Monsieur le président, madame la ministre, à l’occasion du débat sur les crédits de la mission « Sécurités », permettez-moi, tant en mon nom personnel qu’au nom de mon groupe, de marquer mon soutien aux forces de police et de gendarmerie et à l’ensemble des services de la sécurité civile, notamment les sapeurs-pompiers, qui ne sont pas épargnés, ainsi qu’à nos militaires, qui assurent au quotidien la sécurité des Français.
Jamais le climat social n’a été aussi tendu et jamais la demande d’ordre n’a été aussi multiple. De la sécurité des maires et des élus, en passant par celle des transports, la lutte contre les trafics et celle contre le terrorisme, la cybercriminalité, les débordements et violences des rues, les violences faites aux femmes, la demande de sécurité est polymorphe et urgente. Elle est aussi impérative, pour que notre pays ne glisse pas dans les bras extrêmes, qui encaissent cash les bénéfices des désordres que nous voyons trop souvent sur les chaînes d’information continue.
Le dialogue a disparu de nos sociétés et fait place aux invectives relayées par les médias et les réseaux sociaux. La violence est un signe de mauvaise santé de notre société. Face à ce constat que chacun peut faire, il nous appartient de tenter d’apporter des solutions, mais l’ajustement du curseur n’est pas toujours facile.

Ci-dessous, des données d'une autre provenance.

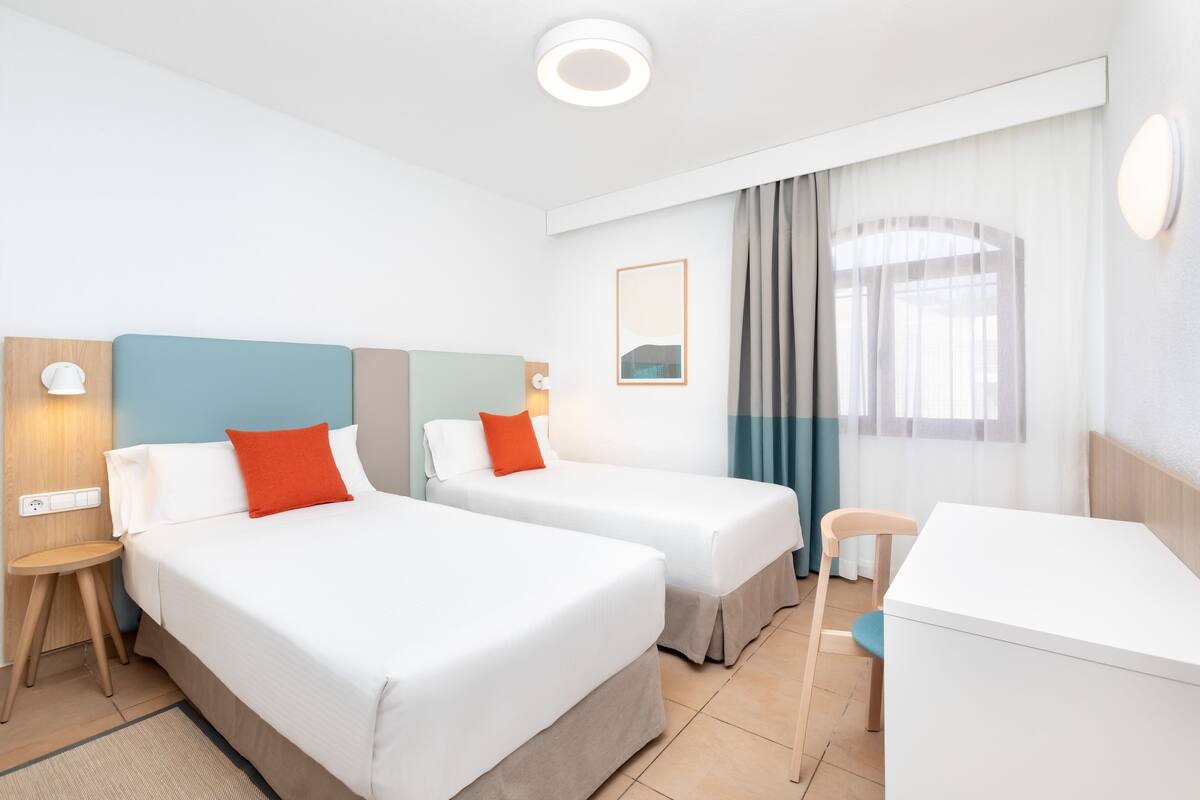 Une chambre d’hôtel avec deux lits, un bureau, une chaise et une petite table.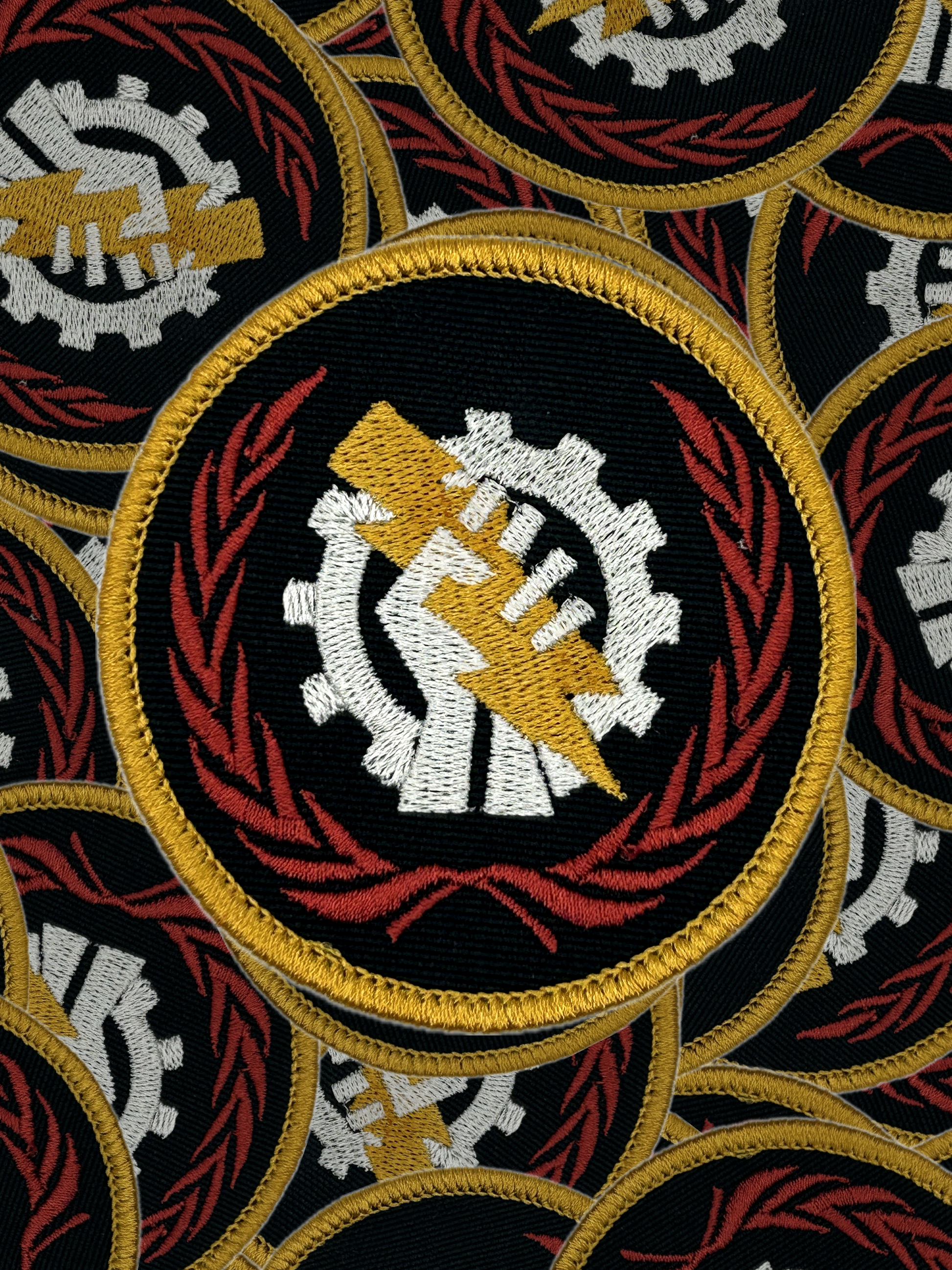 Pattern of embroidered patches with a Skitarii central design featuring a gear and a hand, surrounded by red and gold elements.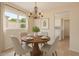 Charming dining area with a round wood table, chandelier lighting, and a view from the bright window at 2234 E Lawrence Rd, Phoenix, AZ 85016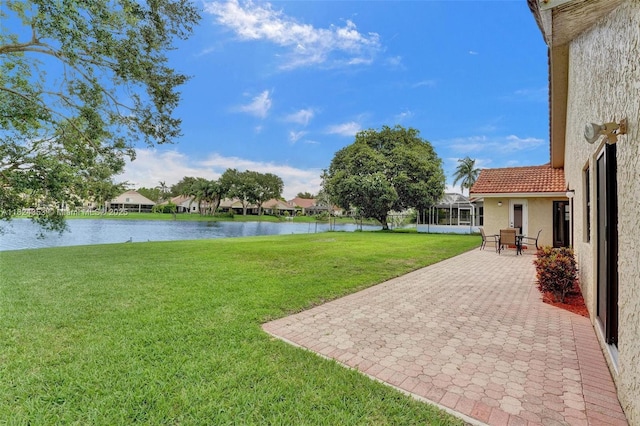 3128 Peachtree Cir, Davie, FL 33328 - view of grassy yard featuring a water view and a patio area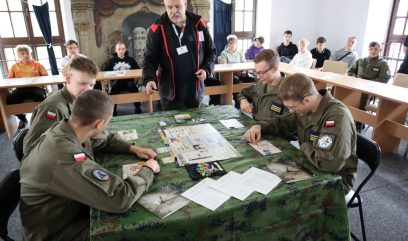 4 osoby siedzą przy stoliku i grają w grę pod okiem instruktora. W tle siedzi publiczność.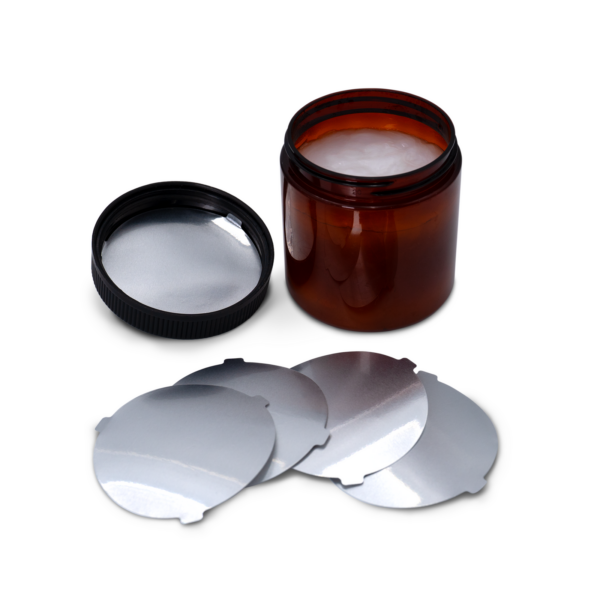 Posición del liner de inducción con pestañas dentro de la tapa antes de ser sellado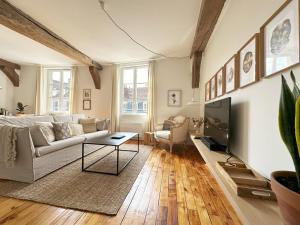 a living room with a couch and a tv at Cœur Cathédrale - Charme et vue fantastique in Chartres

L’an dernier, notre débat se déroulait en pleine crise des gilets jaunes. La semaine dernière, des violences inadmissibles ont été commises contre des policiers, mais aussi contre des manifestants.
On le voit bien, le climat de confiance entre les forces de sécurité et les citoyens se détériore. Pour préserver cette indispensable confiance, il faut que notre police républicaine soit irréprochable, madame la ministre. Je ne doute pas qu’elle le soit dans son immense majorité, mais une petite minorité vient salir le travail et l’engagement de dizaines de milliers de fonctionnaires. L’inspection générale de la police nationale (IGPN) se trouve dès lors au cœur des débats.

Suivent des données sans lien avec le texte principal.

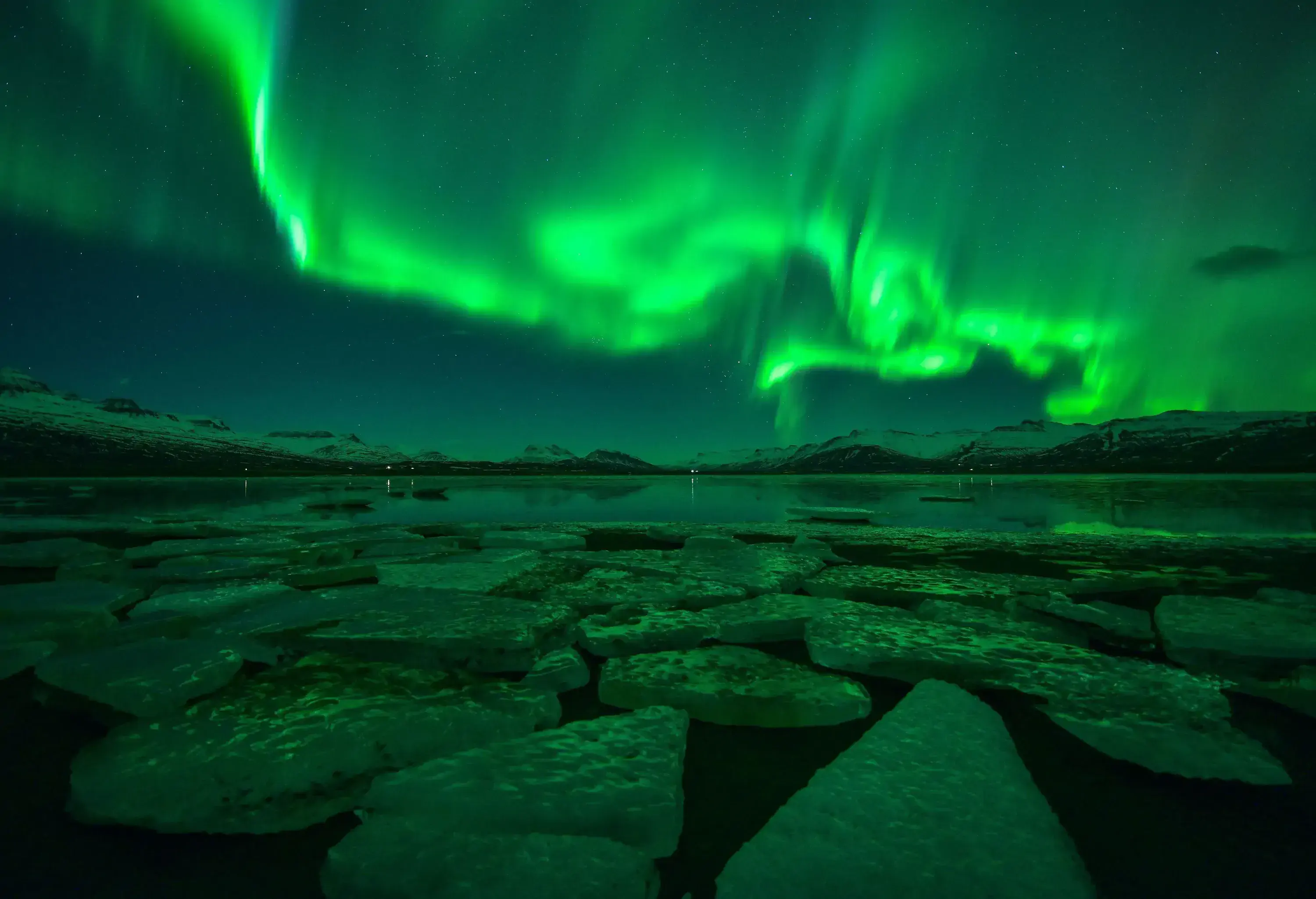 At nighttime, green aurora borealis illuminates the sky above a calm lagoon covered in shards of ice, with snow-covered rolling hills surrounding the area.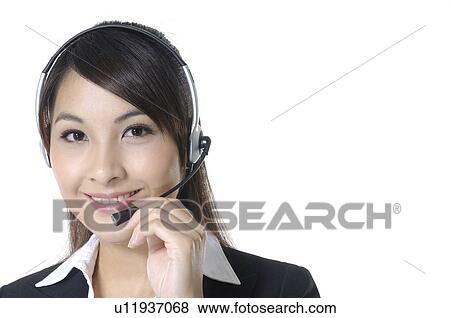 Stock Photo - Portrait of a female customer care executive smiling. Fotosearch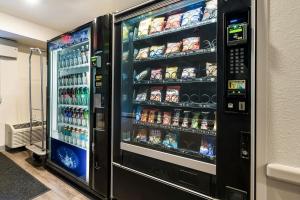 a refrigerator filled with lots of drinks and soda at Extended Stay America Select Suites - Ocala in Ocala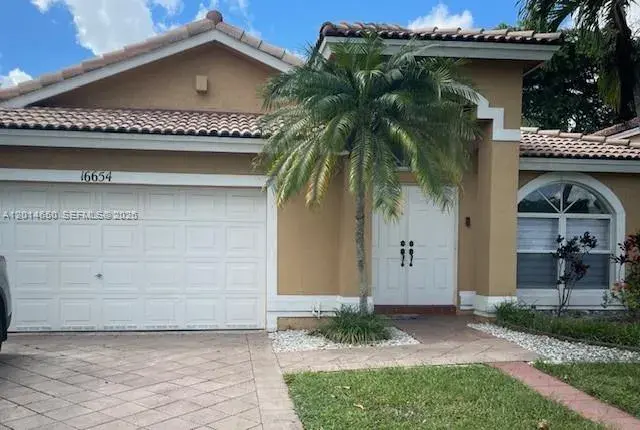 4 bedroom 2 bath Residential for sale at 16654 SW 103rd Ln, Miami FL 33196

L’IGPN a connu des évolutions et des améliorations, notamment avec la plateforme interne « signal-discri ». Si la fonction de renseignement de l’IGPN ne semble pas devoir être critiquée, tel n’est pas le cas de sa mission de contrôle.
Pendant l’année 2019, selon son dernier rapport, 1 460 enquêtes judiciaires ont été menées. Cette hausse est notamment due à la multiplication des mouvements sociaux.
Face aux critiques, madame la ministre, comment envisagez-vous de mener la réforme de l’IGPN qui a été annoncée ? À mon sens, cette réforme ne peut être définie qu’avec la participation du Parlement, tant dans son principe que dans son périmètre. Nous devons être complètement associés à une telle réforme de l’IGPN, dans ces deux composantes.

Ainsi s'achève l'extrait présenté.